====== Data shown ======

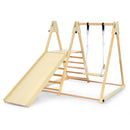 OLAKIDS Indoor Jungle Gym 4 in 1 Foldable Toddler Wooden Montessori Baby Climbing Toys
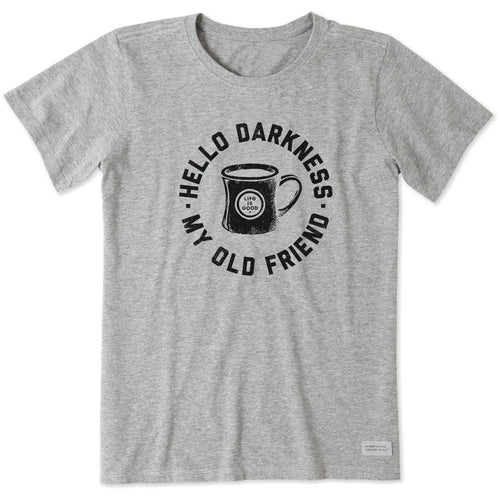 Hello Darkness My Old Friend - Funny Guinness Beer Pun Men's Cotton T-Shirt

======
====== Data shown ======

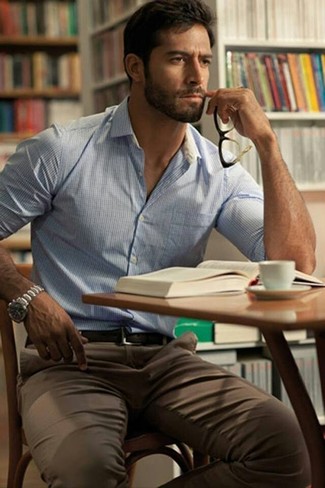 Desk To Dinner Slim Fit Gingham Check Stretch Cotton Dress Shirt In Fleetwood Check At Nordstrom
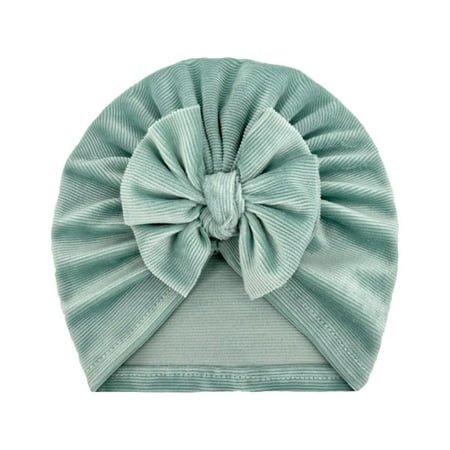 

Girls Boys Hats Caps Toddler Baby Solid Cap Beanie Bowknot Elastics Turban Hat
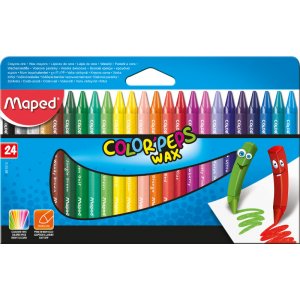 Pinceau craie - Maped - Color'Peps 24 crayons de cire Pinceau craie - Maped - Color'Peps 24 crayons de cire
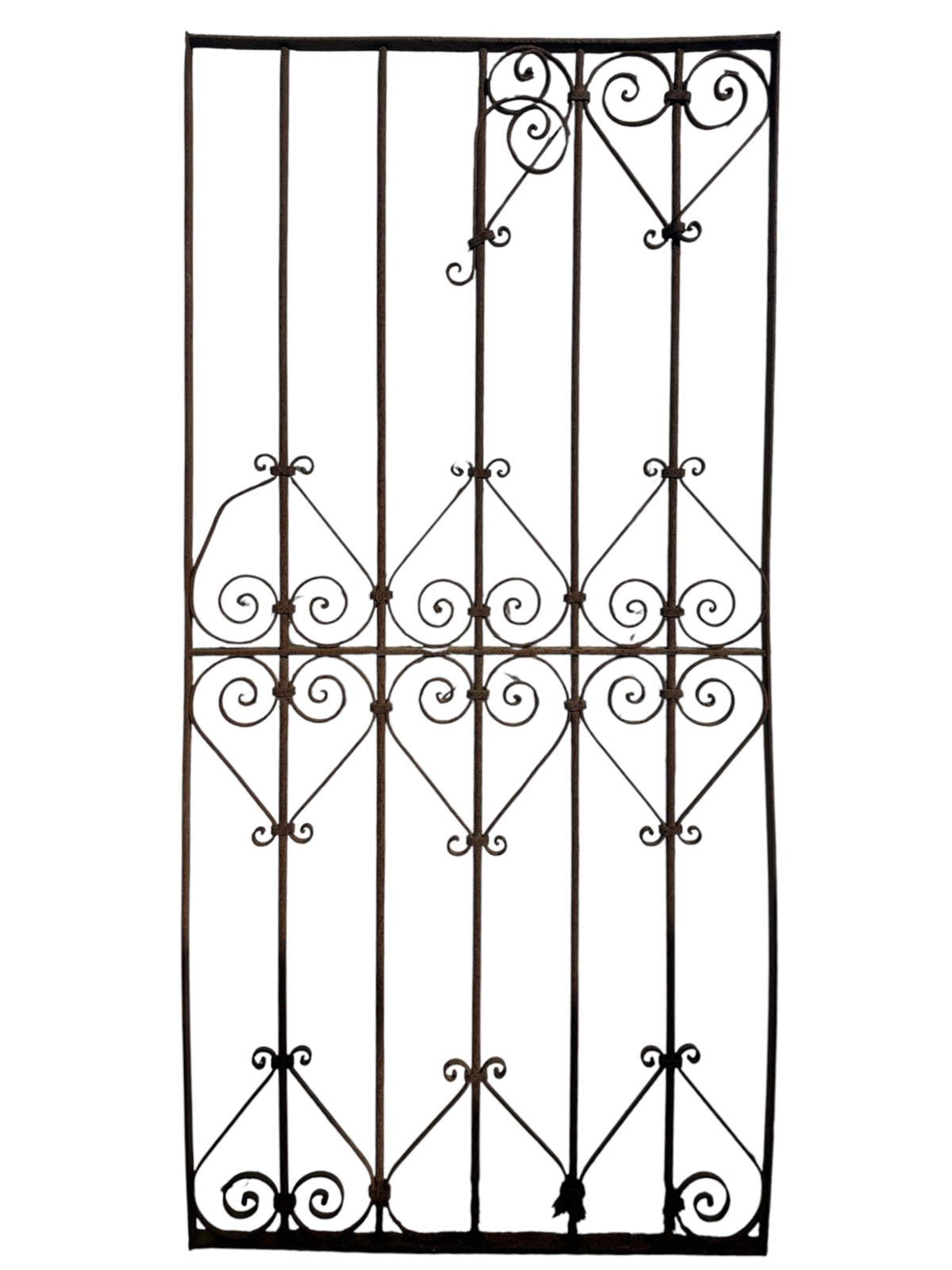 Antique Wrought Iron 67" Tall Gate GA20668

======
====== Data shown ======

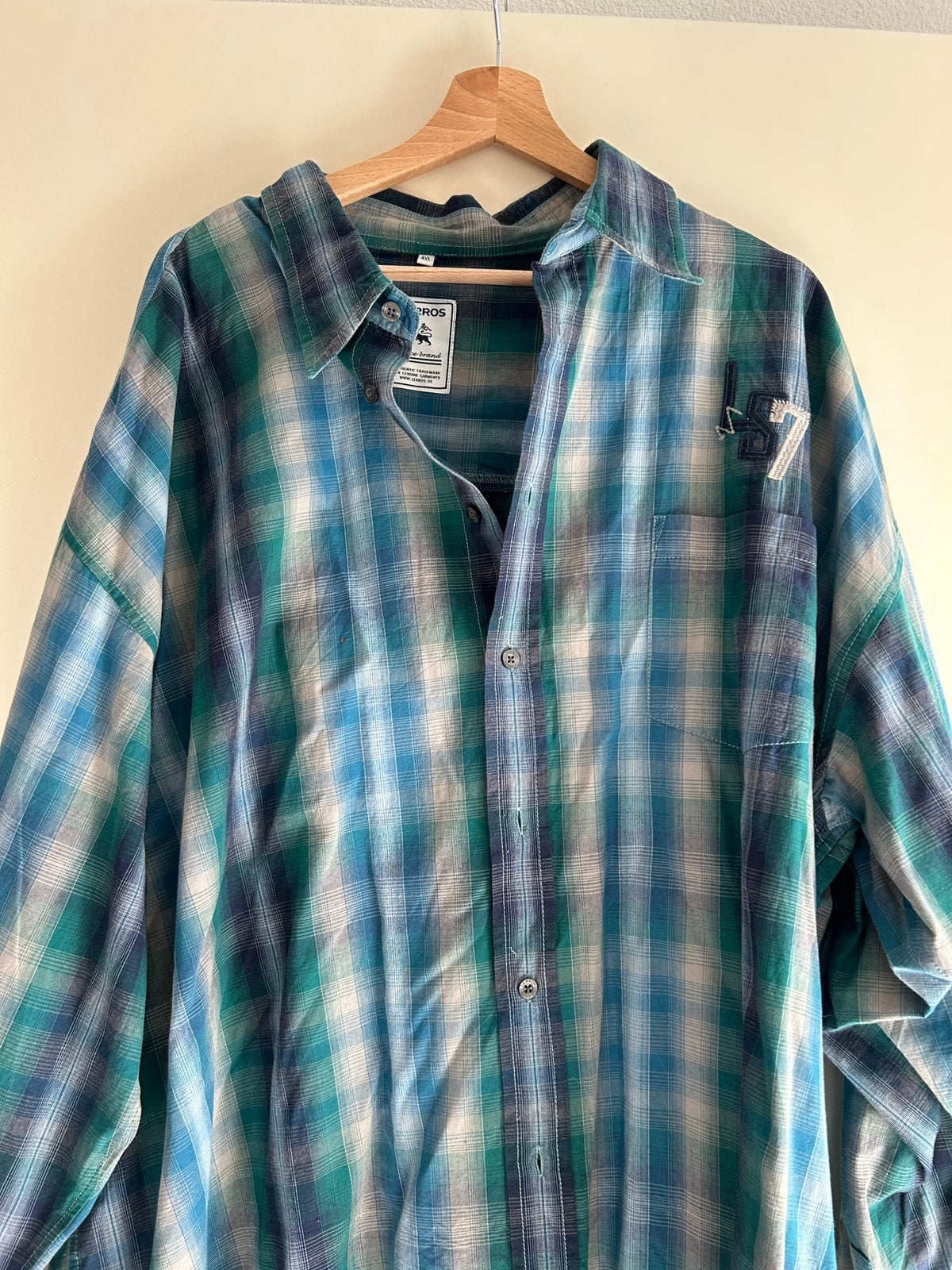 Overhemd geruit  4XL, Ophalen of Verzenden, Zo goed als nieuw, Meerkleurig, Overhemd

======

Required work: Transcribe exactly the lines above, beginning at the one with "OLAKIDS Indoor Jungle" and going up to and including the one with "Hello Darkness My". Pictures do not belong in the copy.

The completed task:
 OLAKIDS Indoor Jungle Gym 4 in 1 Foldable Toddler Wooden Montessori Baby Climbing Toys
 Hello Darkness My Old Friend - Funny Guinness Beer Pun Men's Cotton T-Shirt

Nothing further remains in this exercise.